El último: «Cómo en toda la descendencia de Adán no se podía hallar quién mereciese ser esposa de nuestro gran Luis, si sola la cristianísima reina de Francia.» (Esto es, la Infanta Ana.)
Así como los hombres vestimos ahora de otra moda y a usanza diferente de cuando vivió y escribió el figurado Dr. Carlos García, así también las cosas que suceden llevan menos nombres y trazas, aun cuando sigan siendo las mismas de entonces.
Ahora, como entonces, el carácter español es justamente lo contrario del carácter francés. El carácter francés es lo genérico por excelencia, la síntesis más fina, la norma más elástica de lo humano.
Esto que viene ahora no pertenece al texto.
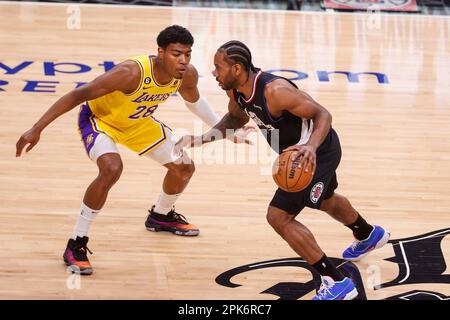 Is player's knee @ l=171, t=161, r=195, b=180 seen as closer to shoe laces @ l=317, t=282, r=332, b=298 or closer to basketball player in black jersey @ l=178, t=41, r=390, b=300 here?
basketball player in black jersey @ l=178, t=41, r=390, b=300

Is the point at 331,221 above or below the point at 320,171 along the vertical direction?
below

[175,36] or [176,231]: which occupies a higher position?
[175,36]

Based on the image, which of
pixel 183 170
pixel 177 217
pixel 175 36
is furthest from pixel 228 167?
pixel 175 36

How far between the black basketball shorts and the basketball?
0.57 ft

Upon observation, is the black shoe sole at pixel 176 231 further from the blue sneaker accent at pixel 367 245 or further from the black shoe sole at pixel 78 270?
the blue sneaker accent at pixel 367 245

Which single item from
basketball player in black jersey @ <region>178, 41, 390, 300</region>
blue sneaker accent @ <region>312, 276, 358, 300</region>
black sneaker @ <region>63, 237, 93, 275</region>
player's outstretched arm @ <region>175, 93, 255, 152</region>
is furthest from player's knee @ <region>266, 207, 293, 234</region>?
black sneaker @ <region>63, 237, 93, 275</region>

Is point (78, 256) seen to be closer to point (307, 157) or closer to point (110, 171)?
point (110, 171)

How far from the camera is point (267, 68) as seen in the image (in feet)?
36.0

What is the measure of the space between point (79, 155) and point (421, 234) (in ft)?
10.8

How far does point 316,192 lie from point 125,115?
153 cm

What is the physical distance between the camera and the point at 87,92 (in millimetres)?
5949

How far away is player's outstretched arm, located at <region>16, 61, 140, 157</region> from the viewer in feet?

El carácter español es el individualismo áspero. ¿Qué duda cabe que estos dos tipos de carácter, precisamente por opuestos, han nacido para armonizar en mutua y cabal inteligencia, recibiendo recíprocos y saludables beneficios?
Ahora, como entonces, la unión más apacible y duradera se casa con elementos complementarios, con opuestos caracteres. Recordaré un cuentecillo que viene muy a pelo. Preguntábale a una mujer casada cierto amigo que cómo se llevaba con su marido. Respondió la casada que muy mal, que vivían peleándose de continuo. Añadió la amiga: «Quizá tenéis ideas opuestas carácter opuesto». Dijo la casada: «Todo lo contrario. Tenemos las mismas ideas y el mismo carácter. Los dos queremos mandar en casa».
Este cuentecillo nos lleva como de la mano al por qué históricamente la oposición de caracteres hubo de trocarse en suspicacia y ojeriza. El Rey Francisco, de Francia, decía del Rey Carlos, de España: «Mi hermano Carlos y yo somos de la misma opinión. Los dos queremos lo mismo». Lo que uno y otro querían era Milán. Por eso no se podían entender los reyes ni se entendían los súbditos. Y así, lo que por designio celestial –para emplear los términos del doctor del siglo XVII– estaba destinado a conjunción perfecta, vino el diablo y lo convirtió en discordia, trocando la buena y natural contrariedad de carácter entre franceses y españoles en semejanza hostil de propósito y pugna de ambición. Si Francia y España no se pudieron entender alguna vez fue porque el diablo las hizo parecerse demasiado. Las dos querían dominar el mundo y apetecían el mismo bocado.
Ahora, como entonces, la causa principal del alejamiento de Francia y España estriba en el no conocerse sino en sus defectos. Cuantos españoles conocen la cultura y la vida francesas aman a Francia. Todos los españoles aman a Francia en aquello, poco o mucho, que de ellos conocen verdaderamente, así como lo desestiman a causa de erróneas y maliciosas referencias, difundidas por la propaganda de los adversarios de Francia. De la propia suerte, todos los franceses aman a España en aquello que de ella conocen verdaderamente.